In both of these works, however, Moltmann is deeply indebted to the work of Bloch. Moltmann recounts in later works that his intention with Theology of Hope was to set in motion an act of theology parallel to Bloch’s Principle of Hope, but on a biblical basis. Bloch had drawn on the Exodus and other Old Testament imagery to establish hope as the framework for human life and action. However, for Bloch, transcendence had to go for this goal to be realized. In his work, Bloch argued, “Only an atheist can be a good Christian.” Only as an atheist could one reject false economic and religious gods so as to realize the political and eschatological goals of Scripture. When this happened humanity would finally be free and no longer dominated by the rule of any power, including that of God.
In The Crucified God Moltmann flips Bloch’s maxim on its head. “Only a Christian can be a good atheist,” Moltmann writes.

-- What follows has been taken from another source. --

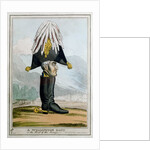 A Wellington Boot- or the Head of the Armye by Anonymous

To truly reject false economic and religious gods requires following the true God. According to Moltmann, the true God is known in the cross of Christ, which demands that everything one thinks about God, history, rulers, and power change. Because God’s being is revealed in the passion and death of Jesus, through his suffering for us and for our salvation, the true God is not known or found in his power and glory in the world and in the history of the world. For Moltmann, the gods of this world – the gods of money, power, prestige- belong on the other side of the cross of Christ, because it was in their name that Christ was crucified. Thus, Moltmann writes, “For Christ’s sake I am an atheist, an atheist in respect to the gods of the world and world history, the Caesars and the political demigods who follow them.” Following the crucified Christ means recognizing that the gods who support the dehumanization of others in the name of money, power, or the state, are idols (as Ethan has said here before). For Christ’s sake then, we must be atheists.